- **THE PROBLEM**:
Your output is to hold only the lines from the one showing "Colorful kerstkroezen op" through the end of the listing, exactly, with every picture excluded.

- **SUPPLIED MATERIAL**:
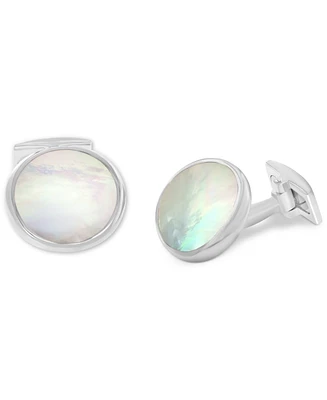 Effy Men's Mother of Pearl Bezel Disc Cufflinks in Sterling Silver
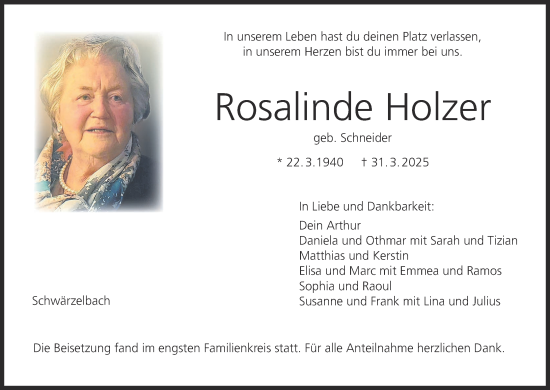 Anzeige von Rosalinde Holzer von MGO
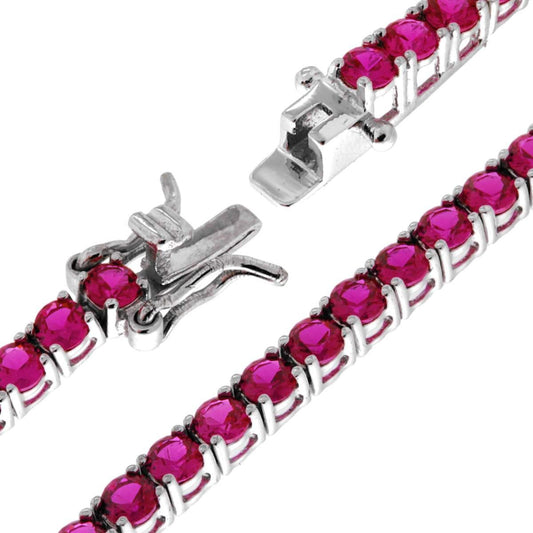 Bracciale Tennis Griffe cm 16.5 con Zirconi mm 3 Rosso Rubino in ARGENTO 925 Galvanica Rodio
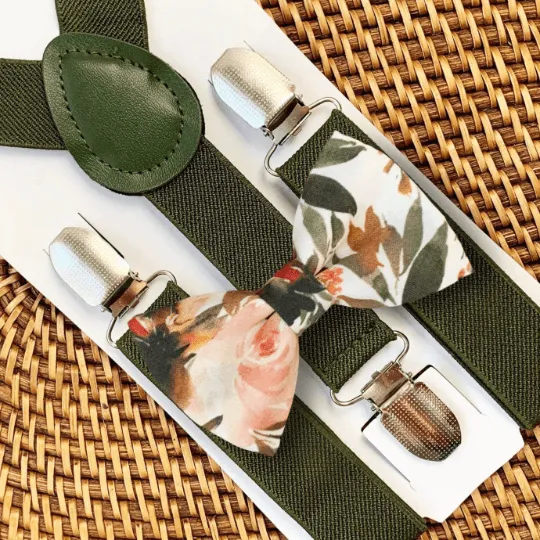 Ivory Terracotta Floral Bow Tie & Olive Elastic Suspenders Set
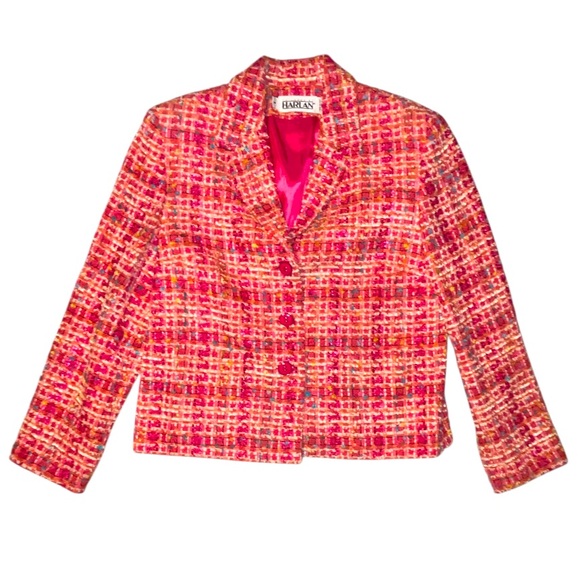 Harlan Jackets & Blazers - Vintage Harlan Tweed Pink Orange Plaid Blazer Suit Jacket Pink Buttons Size 8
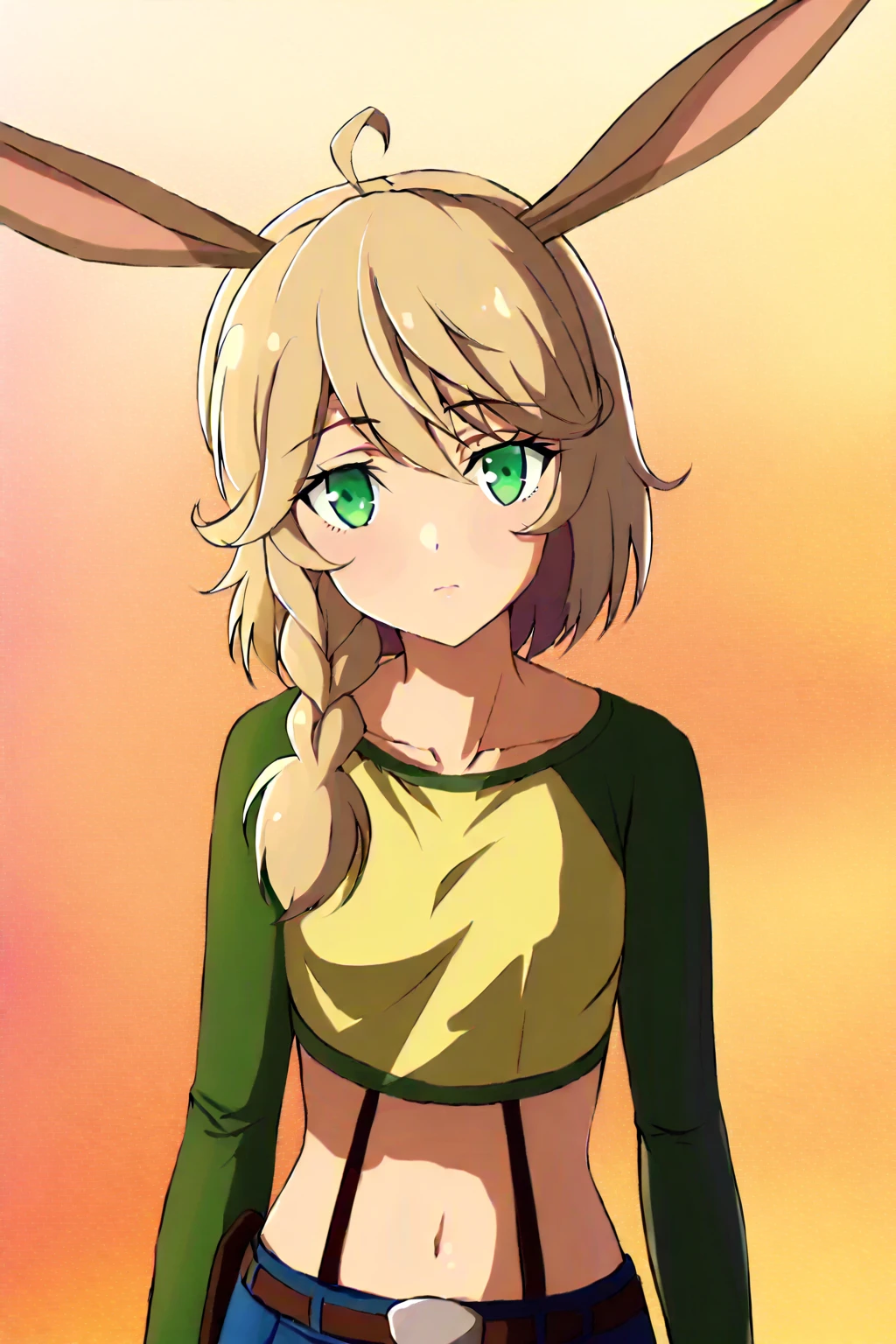 (masterpiece, best quality), 1girl, <lora:1720581464804776704:0.8> Leafeon, Gradient hair, Brown eyes, Blonde hair, Green hair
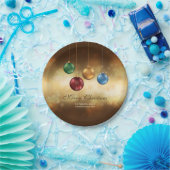 Colorful kerstkroezen op gele Bokeh Papieren Bordje (Feest)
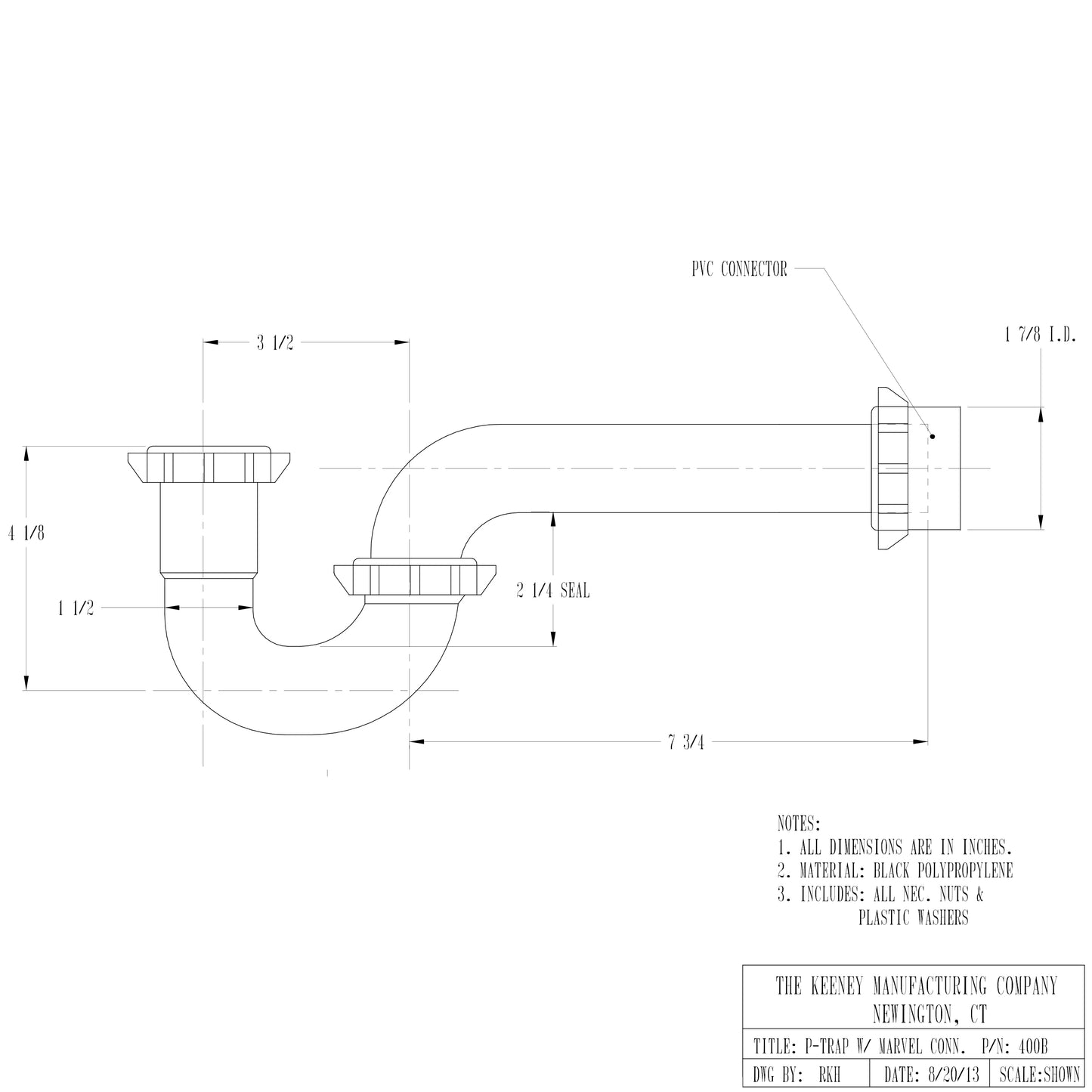 400B - 1-1/2" P-Trap with Reducing Washer and Sch 40 Marvel Connection - Black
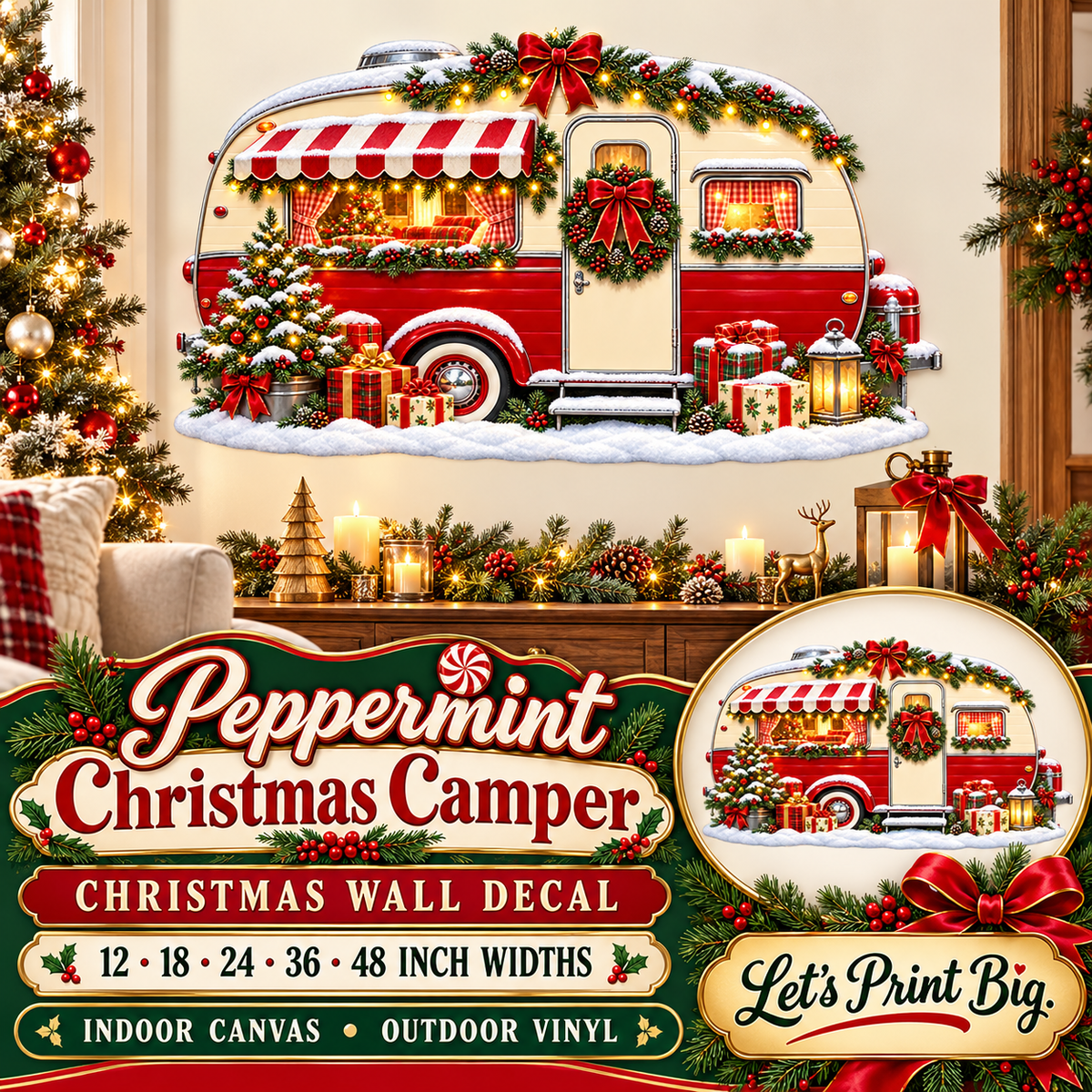 Peppermint Christmas Camper summary – 12 to 48 inch widths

- **EXPECTED ANSWER**:
 Colorful kerstkroezen op gele Bokeh Papieren Bordje (Feest)
 400B - 1-1/2" P-Trap with Reducing Washer and Sch 40 Marvel Connection - Black
 Peppermint Christmas Camper summary – 12 to 48 inch widths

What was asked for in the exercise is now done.